Monday, November 26, 2012

My Condition


I am not made for this world.  This is not a threat, merely an observation.  Whatever mechanism exists to keep the mind turning over, emptying and filling, and tackling each new problem without the weight of consciousness perpetually halting the means of production, whatever mechanism that is I am not in possession of it.  Maybe none of us really have it, just some people are better liars.  I write a lot of about self-configuring and modular thinking and I speak from a place of longing.
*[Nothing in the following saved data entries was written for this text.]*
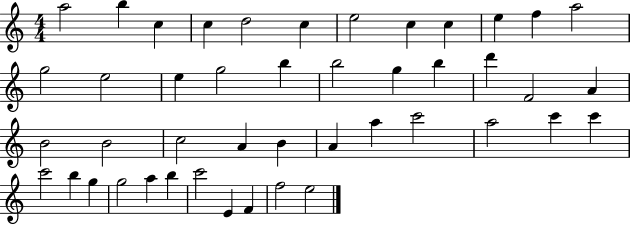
X:1
T:Untitled
M:4/4
L:1/4
K:C
a2 b c c d2 c e2 c c e f a2 g2 e2 e g2 b b2 g b d' F2 A B2 B2 c2 A B A a c'2 a2 c' c' c'2 b g g2 a b c'2 E F f2 e2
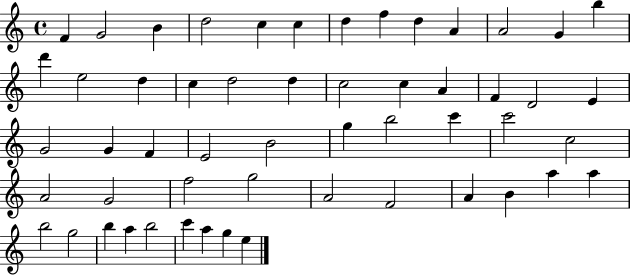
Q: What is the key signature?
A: C major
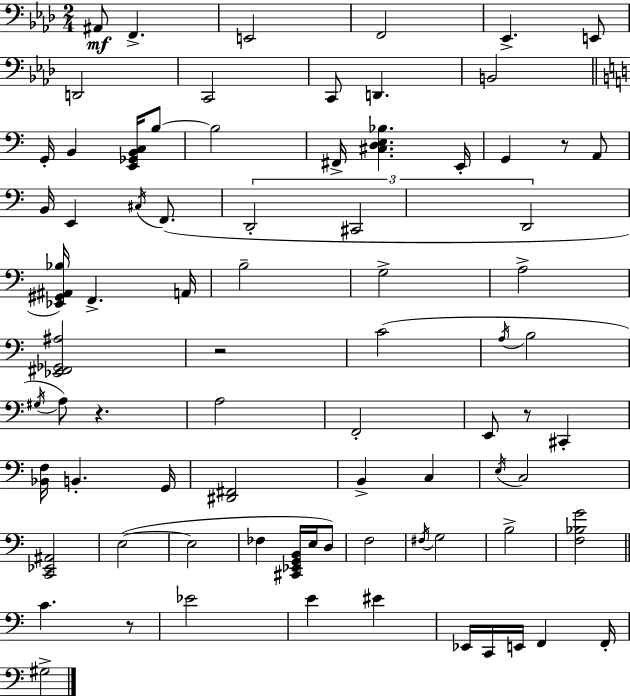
{
  \clef bass
  \numericTimeSignature
  \time 2/4
  \key aes \major
  ais,8\mf f,4.-> | e,2 | f,2 | ees,4.-> e,8 | \break d,2 | c,2 | c,8 d,4. | b,2 | \break \bar "||" \break \key c \major g,16-. b,4 <e, ges, b, c>16 b8~~ | b2 | fis,16-> <cis d e bes>4. e,16-. | g,4 r8 a,8 | \break b,16 e,4 \acciaccatura { cis16 }( f,8. | \tuplet 3/2 { d,2-. | cis,2 | d,2 } | \break <ees, gis, ais, bes>16) f,4.-> | a,16 b2-- | g2-> | a2-> | \break <ees, fis, ges, ais>2 | r2 | c'2( | \acciaccatura { a16 } b2 | \break \acciaccatura { gis16 } a8) r4. | a2 | f,2-. | e,8 r8 cis,4-. | \break <bes, f>16 b,4.-. | g,16 <dis, fis,>2 | b,4-> c4 | \acciaccatura { e16 } c2 | \break <c, ees, ais,>2 | e2~(~ | e2 | fes4 | \break <cis, ees, g, b,>16 e16 d8) f2 | \acciaccatura { fis16 } g2 | b2-> | <f bes g'>2 | \break \bar "||" \break \key a \minor c'4. r8 | ees'2 | e'4 eis'4 | ees,16 c,16 e,16 f,4 f,16-. | \break gis2-> | \bar "|."
}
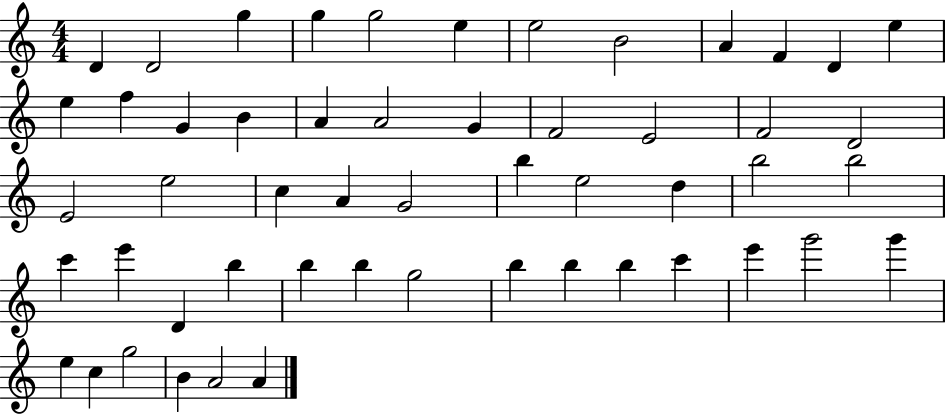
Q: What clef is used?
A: treble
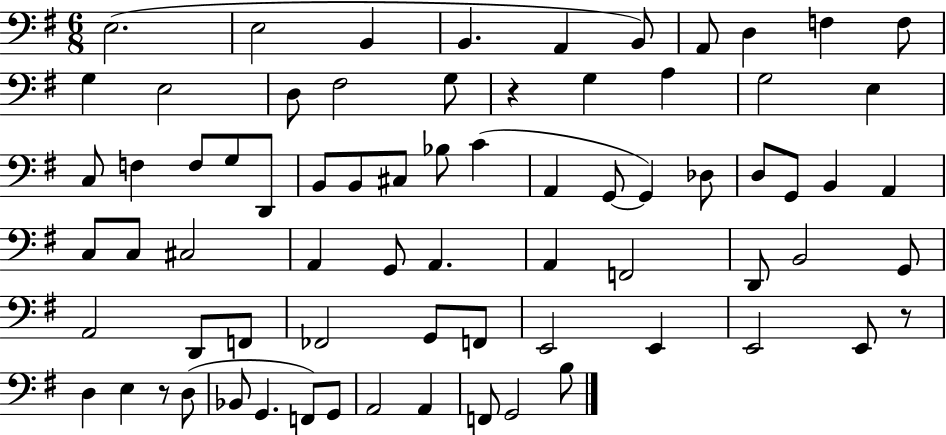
{
  \clef bass
  \numericTimeSignature
  \time 6/8
  \key g \major
  e2.( | e2 b,4 | b,4. a,4 b,8) | a,8 d4 f4 f8 | \break g4 e2 | d8 fis2 g8 | r4 g4 a4 | g2 e4 | \break c8 f4 f8 g8 d,8 | b,8 b,8 cis8 bes8 c'4( | a,4 g,8~~ g,4) des8 | d8 g,8 b,4 a,4 | \break c8 c8 cis2 | a,4 g,8 a,4. | a,4 f,2 | d,8 b,2 g,8 | \break a,2 d,8 f,8 | fes,2 g,8 f,8 | e,2 e,4 | e,2 e,8 r8 | \break d4 e4 r8 d8( | bes,8 g,4. f,8) g,8 | a,2 a,4 | f,8 g,2 b8 | \break \bar "|."
}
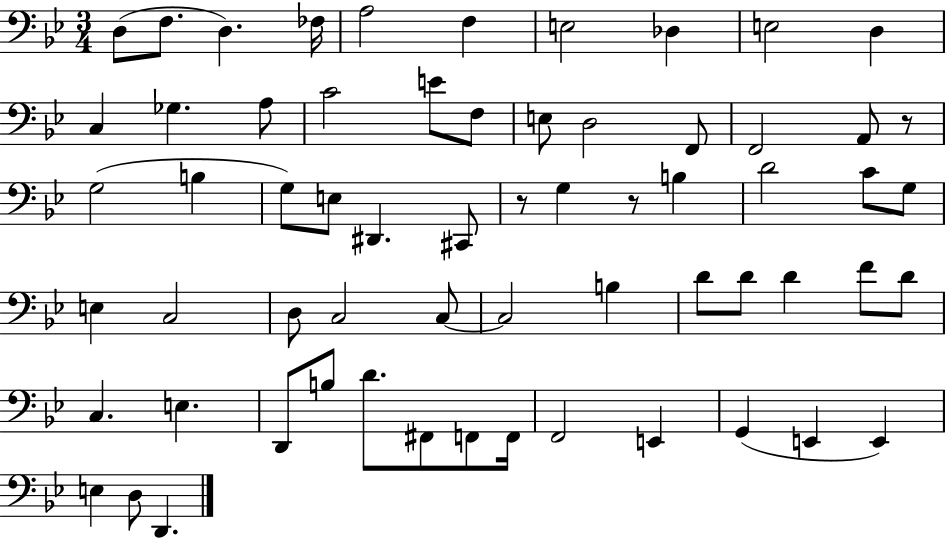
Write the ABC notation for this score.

X:1
T:Untitled
M:3/4
L:1/4
K:Bb
D,/2 F,/2 D, _F,/4 A,2 F, E,2 _D, E,2 D, C, _G, A,/2 C2 E/2 F,/2 E,/2 D,2 F,,/2 F,,2 A,,/2 z/2 G,2 B, G,/2 E,/2 ^D,, ^C,,/2 z/2 G, z/2 B, D2 C/2 G,/2 E, C,2 D,/2 C,2 C,/2 C,2 B, D/2 D/2 D F/2 D/2 C, E, D,,/2 B,/2 D/2 ^F,,/2 F,,/2 F,,/4 F,,2 E,, G,, E,, E,, E, D,/2 D,,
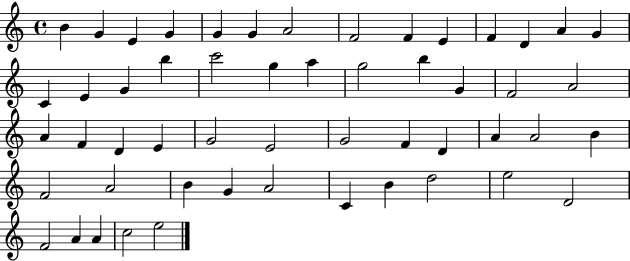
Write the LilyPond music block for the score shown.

{
  \clef treble
  \time 4/4
  \defaultTimeSignature
  \key c \major
  b'4 g'4 e'4 g'4 | g'4 g'4 a'2 | f'2 f'4 e'4 | f'4 d'4 a'4 g'4 | \break c'4 e'4 g'4 b''4 | c'''2 g''4 a''4 | g''2 b''4 g'4 | f'2 a'2 | \break a'4 f'4 d'4 e'4 | g'2 e'2 | g'2 f'4 d'4 | a'4 a'2 b'4 | \break f'2 a'2 | b'4 g'4 a'2 | c'4 b'4 d''2 | e''2 d'2 | \break f'2 a'4 a'4 | c''2 e''2 | \bar "|."
}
In university I wrote essays long before they were due, since discovering fundamental flaws in economic theory and resource shortages, I have taught myself how to garden and preserve food and exact an exit strategy, not because I am particularly keen and motivated, I do it out of an awareness of my shortcomings, to get a running start.

So why am I the way I am?  I kind of wish I had some lurid tale to tell if only to have something to hold onto for myself - an explanation gives one a fighting chance to encircle and dominate that which hurts.  I have no story.  My mind works, sometimes too efficiently.  Were I to console myself with heroics, I would liken this behavior to the Icarus myth.  I could see the way others cope as a gift of ignorance, flying at such low altitudes.  Or there is the old Thoreau chestnut, all people live lives of quiet desperation, and in that I can feel normal.  I don't feel normal.

I have been good for years but the pressure has come back, not as bad as before, but each new time hurts more because it undermines everything I thought I had gained.  The experience is fuzzy, I shut down, I lose interest in everything, I feel paranoid, lonely.  The only plan of attack I can formalize is that I need to get ahead of it, that if I let this feeling steer I am done for.  Most people, if confronted with this, would talk it out, have a good cry, and get over it.  I feel like I need to make seismic changes just to be able to breathe easier.  It is a struggle for me to claw back to being normal.  I had a temporary drinking problem when I was younger but I never adhered to the adage: once an alcoholic, always an alcoholic... the liquid itself holds no power over me.  But once a melancholic, always a melancholic, I do believe.  For I let the darkness in once and it never left.